Mémorial is the official gazette of the Grand Duchy of Luxembourg. It is published by the Central Legislation Service (Service central de législation), an agency of the government of Luxembourg. Until the Second World War, Mémorial was published in both French and German, which were the two official languages of Luxembourg. Since the war, it has been published in only French (even though German remains an official language, and Luxembourgish has also become one).

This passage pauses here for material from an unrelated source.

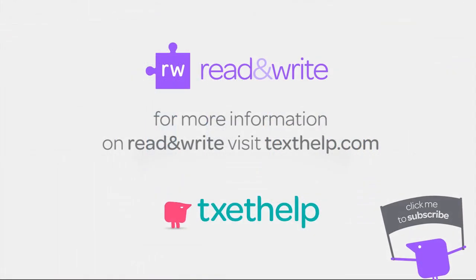To learn more about Read&Write for Edge, check out our YouTube channel or visit Texthelp.com.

Under Grand Ducal decree of 9 January 1961, the Mémorial was to be subdivided into three separate publications:

- Mémorial A, containing text of legislation, Grand Ducal decrees, and European Union directives. It was established by Grand Ducal decree on 22 October 1842.
- Mémorial B, containing administrative instructions; changes in government policies not requiring a form of legislation, directive, or decree; and edicts of importance to only specific individuals or for only a very short period of time. It was established by Grand Ducal decree on 20 April 1854.
- Mémorial C, containing personal and financial matters, including the foundation, liquidation, and restructuring of corporations. It was established by statute on 10 August 1915. The final issue of Mémorial C was published on 27 July 2016 with the information now found on the website of Trade Register and Companies (RCS) since 1 June 2016.

Starting 1 January 2017, the Mémorial is no longer published in print and is now solely an electronic publication. The current arrangement and separation of duties is currently dictated by Law of 23 December 2016.